INSTRUCTIONS TO FOLLOW: Please copy the listing that follows exactly, leaving out any pictures.

ENTRIES PROVIDED:
..........

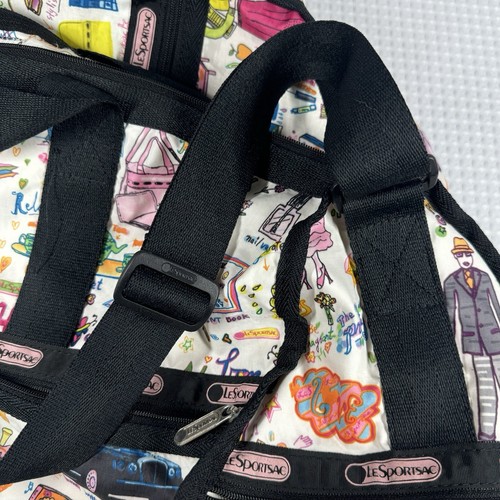 Borsone LeSportsac Sara Schwartz Girly Large Deluxe Weekender USA leggi - Foto 3 di 23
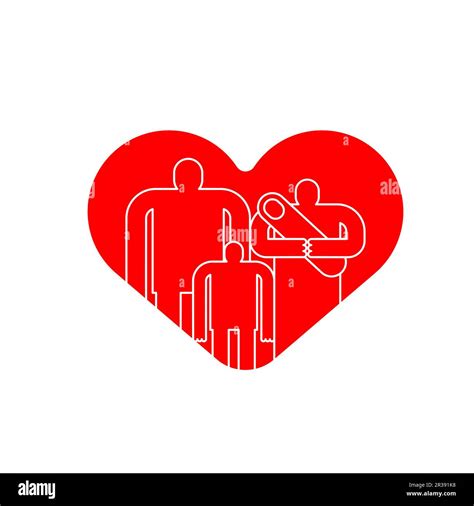 Family love symbol. Family and Heart sign Stock Vector Image & Art - Alamy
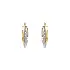 Gold Round Earrings made of Combination Gold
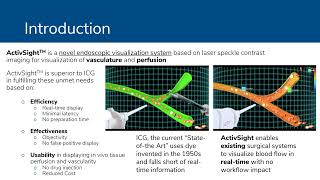 Superior efficacy and utility of ActivSightTM laser speckle imaging to Indocyanine Green ICGb [upl. by Lyrem]
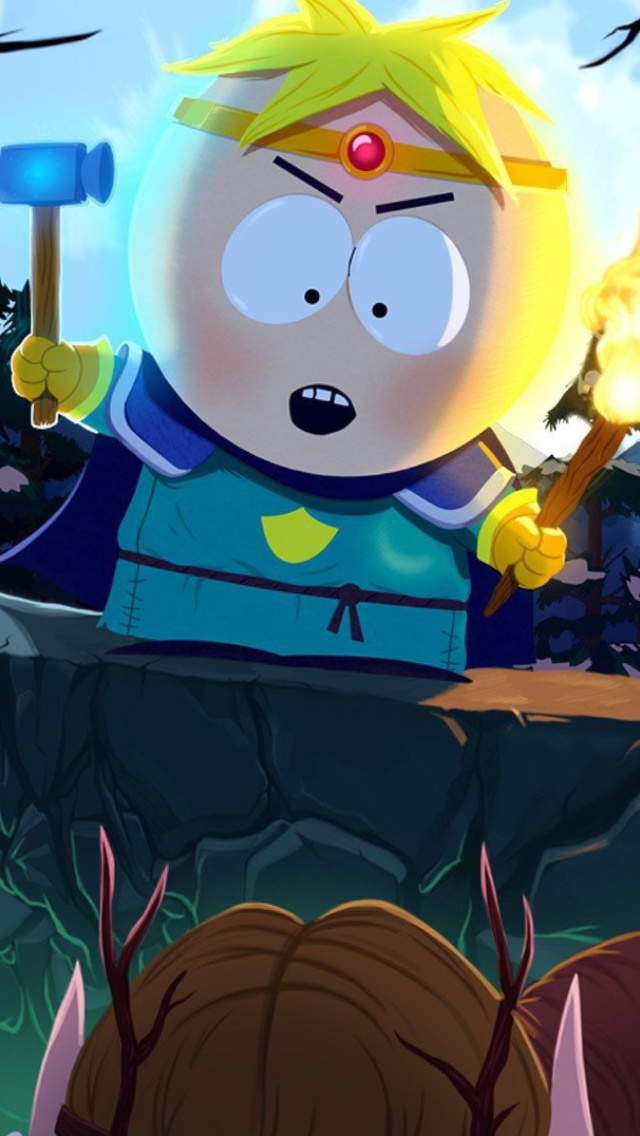Fondo de pantalla South Park The Stick Of Truth 640x1136
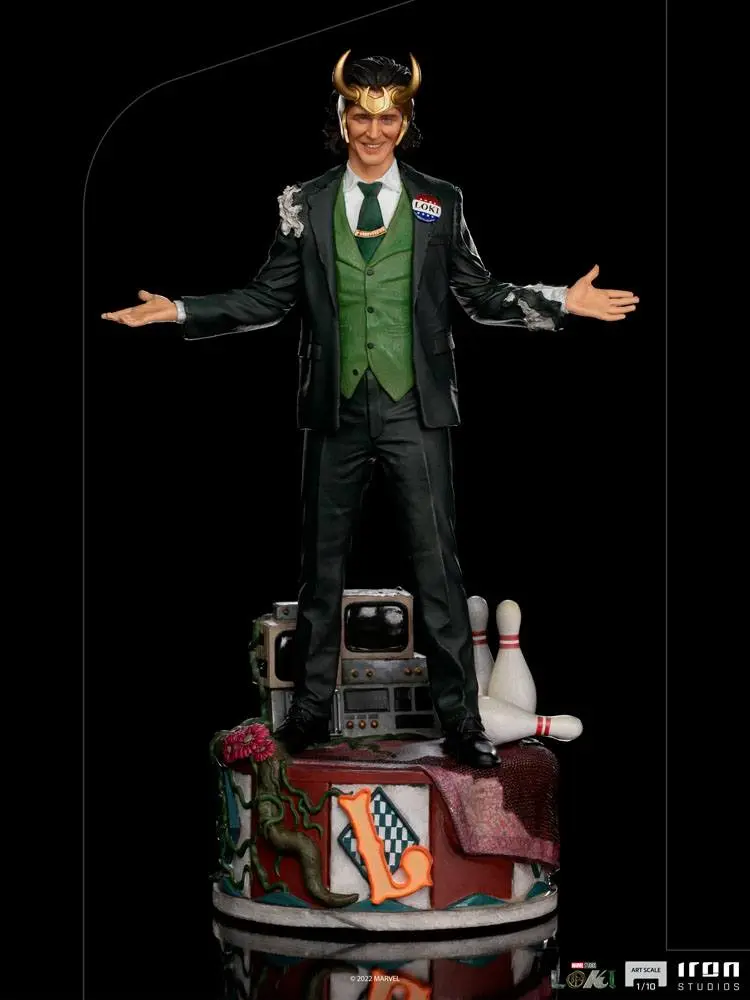 Loki Art Scale Statue 1/10 Loki President Variant 25 cm product photo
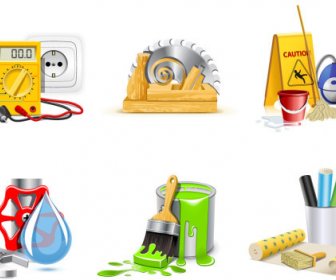 Various Tools Icons Vector Set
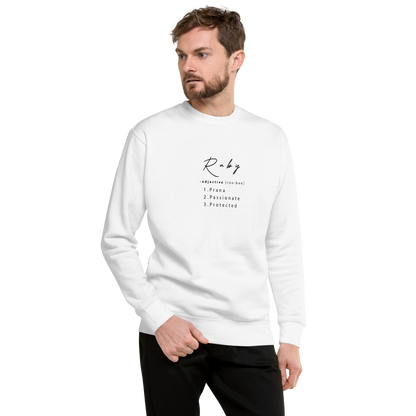Ruby Healing Crystal-Infused Sweatshirt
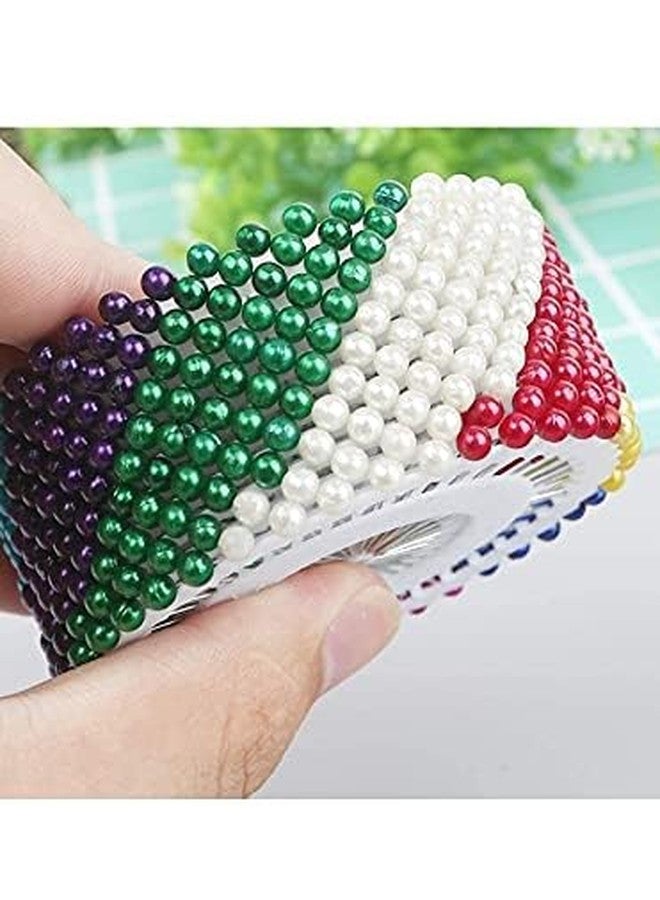 GNR Pack of 120 Pcs Multi Color Steel Head Pins for Tailoring and Dress Making, Patch Work Hijab and Scarf Pins etc. - Image 2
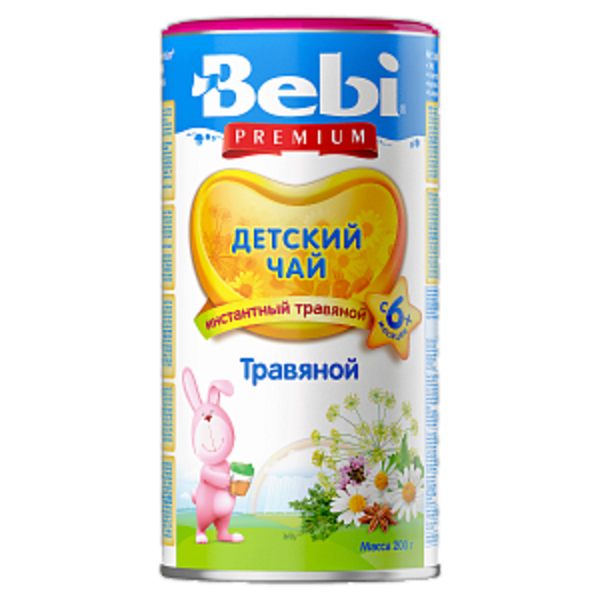 Чай Bebi Premium трав'яний в гранулах, 200 г - Pampik
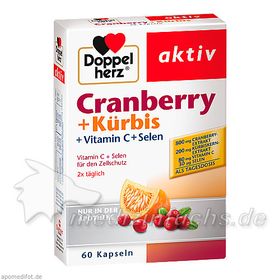 Doppelherz Cranberry + Kürbis Kaps., 60 ST – PZN 7625074 из Германии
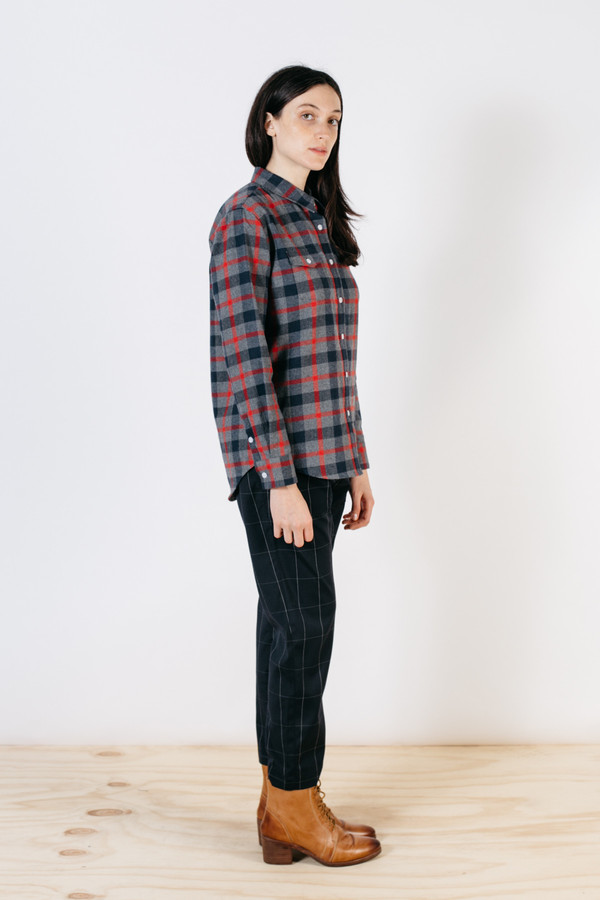 Bridge & Burn Bird Charcoal Plaid Bridge & Burn Bird Charcoal Plaid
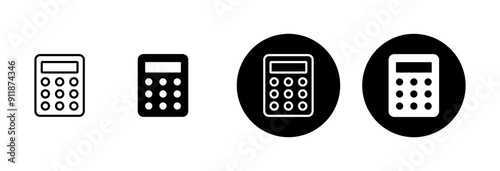Calculator icon vector isolated on white background. Calculator vector icon. Accounting icon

..........

ANSWER:
 Borsone LeSportsac Sara Schwartz Girly Large Deluxe Weekender USA leggi - Foto 3 di 23
 Family love symbol. Family and Heart sign Stock Vector Image & Art - Alamy
 Gold Round Earrings made of Combination Gold
 Superior efficacy and utility of ActivSightTM laser speckle imaging to Indocyanine Green ICGb [upl. by Lyrem]
Fondo de pantalla South Park The Stick Of Truth 640x1136
 Loki Art Scale Statue 1/10 Loki President Variant 25 cm product photo
 Various Tools Icons Vector Set
Ruby Healing Crystal-Infused Sweatshirt
 GNR Pack of 120 Pcs Multi Color Steel Head Pins for Tailoring and Dress Making, Patch Work Hijab and Scarf Pins etc. - Image 2
 Чай Bebi Premium трав'яний в гранулах, 200 г - Pampik
 Doppelherz Cranberry + Kürbis Kaps., 60 ST – PZN 7625074 из Германии
 Bridge & Burn Bird Charcoal Plaid Bridge & Burn Bird Charcoal Plaid
Calculator icon vector isolated on white background. Calculator vector icon. Accounting icon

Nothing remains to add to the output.